Wilfredo Iraheta

Personal information
- Full name: Wilfredo Iraheta Sanabria
- Date of birth: February 22, 1967 (age 59)
- Place of birth: Sensuntepeque, El Salvador
- Height: 1.74 m (5 ft 8+1⁄2 in)
- Position: Defender

Youth career
- 1982–1987: Sensuntepeque

Senior career*
- Years: Team / Apps / (Gls)
- 1988–1990: Chalatenango
- 1990–1994: Atlético Marte
- 1994–1996: Águila
- 1996–1999: Luis Ángel Firpo
- 1999–2000: FAS

International career^{‡}
- 1995–1998: El Salvador / 42 / (2)

= Wilfredo Iraheta =

Salvadoran footballer (born 1967)

 Wilfredo Iraheta Sanabria (born February 22, 1967) is a politician and retired Salvadoran football (soccer) player who played as a defender

==Club career==
Iraheta started playing football in the streets of his hometown and joined then second division side Sesuntepeque at 15 years of age. At 20 he joined Chalatenango and later played for Atlético Marte. In 1994 his father was killed during the civil war and he moved to Águila to play alongside 41-year-old veteran Luis Ramírez Zapata, then Luis Ángel Firpo and FAS with whom he finished playing actively to pursue a career in politics.
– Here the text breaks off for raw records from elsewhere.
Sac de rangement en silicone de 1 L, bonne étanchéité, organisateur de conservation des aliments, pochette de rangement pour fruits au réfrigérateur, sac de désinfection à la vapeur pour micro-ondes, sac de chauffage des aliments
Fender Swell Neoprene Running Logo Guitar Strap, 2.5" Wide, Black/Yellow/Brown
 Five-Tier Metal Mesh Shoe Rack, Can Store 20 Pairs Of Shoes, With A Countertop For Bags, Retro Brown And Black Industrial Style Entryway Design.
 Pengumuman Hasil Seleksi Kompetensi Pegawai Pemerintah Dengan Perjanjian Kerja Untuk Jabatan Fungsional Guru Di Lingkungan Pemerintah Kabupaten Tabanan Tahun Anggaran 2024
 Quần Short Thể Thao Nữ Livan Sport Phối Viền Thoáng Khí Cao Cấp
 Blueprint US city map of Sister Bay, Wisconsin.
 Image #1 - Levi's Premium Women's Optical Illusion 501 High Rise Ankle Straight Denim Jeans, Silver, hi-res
Iraheta was a defender whose abilities allowed for great success, also gaining a spot in the national squad on several occasions. He has played in virtually every outfield position. In 2001, he retired from both international and domestic football bringing an end to his career.

==International career==
Iraheta made his debut for El Salvador in a December 1995 UNCAF Nations Cup match against Costa Rica and has earned a total of 37 caps, scoring 2 goals. He has represented his country in 11 FIFA World Cup qualification matches and played at the 1995 and 1997 UNCAF Nations Cups as well as at the 1996 and 1998 CONCACAF Gold Cups.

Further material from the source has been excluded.